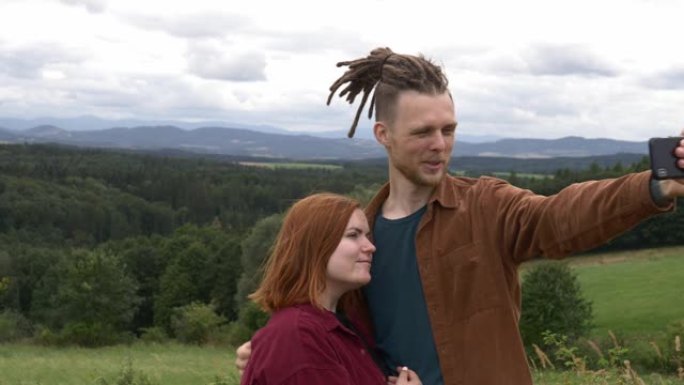 年轻夫妇在山脉的背景下进行视频通话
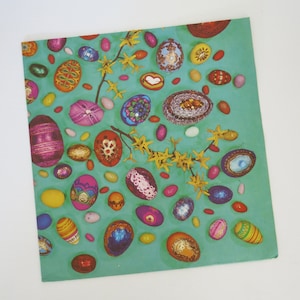 May include: A teal background is covered with colorful Easter eggs of various sizes and designs. Some eggs are decorated with patterns, while others have glitter or floral accents. Yellow flowers and small candies are scattered throughout.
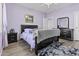 Bedroom featuring wood floors, purple paint and trim, a ceiling fan and a black bedroom set at 7628 W Donald Dr, Peoria, AZ 85383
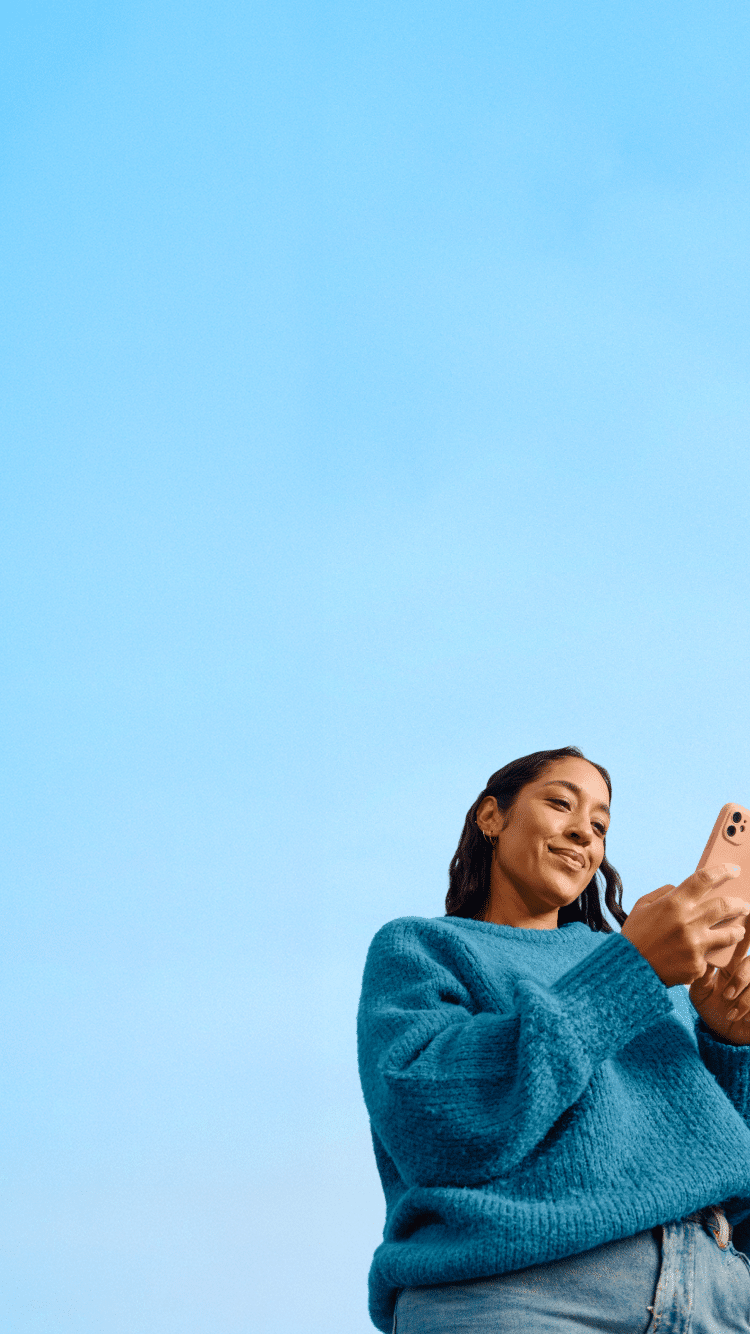 woman looking at her phone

## EXERCISE GOAL
Restate word for word, please, the line containing "Bedroom featuring wood" and all lines after it through the end of the material; the pictures do not belong in the copy.

## YOUR RESPONSE
 Bedroom featuring wood floors, purple paint and trim, a ceiling fan and a black bedroom set at 7628 W Donald Dr, Peoria, AZ 85383
 woman looking at her phone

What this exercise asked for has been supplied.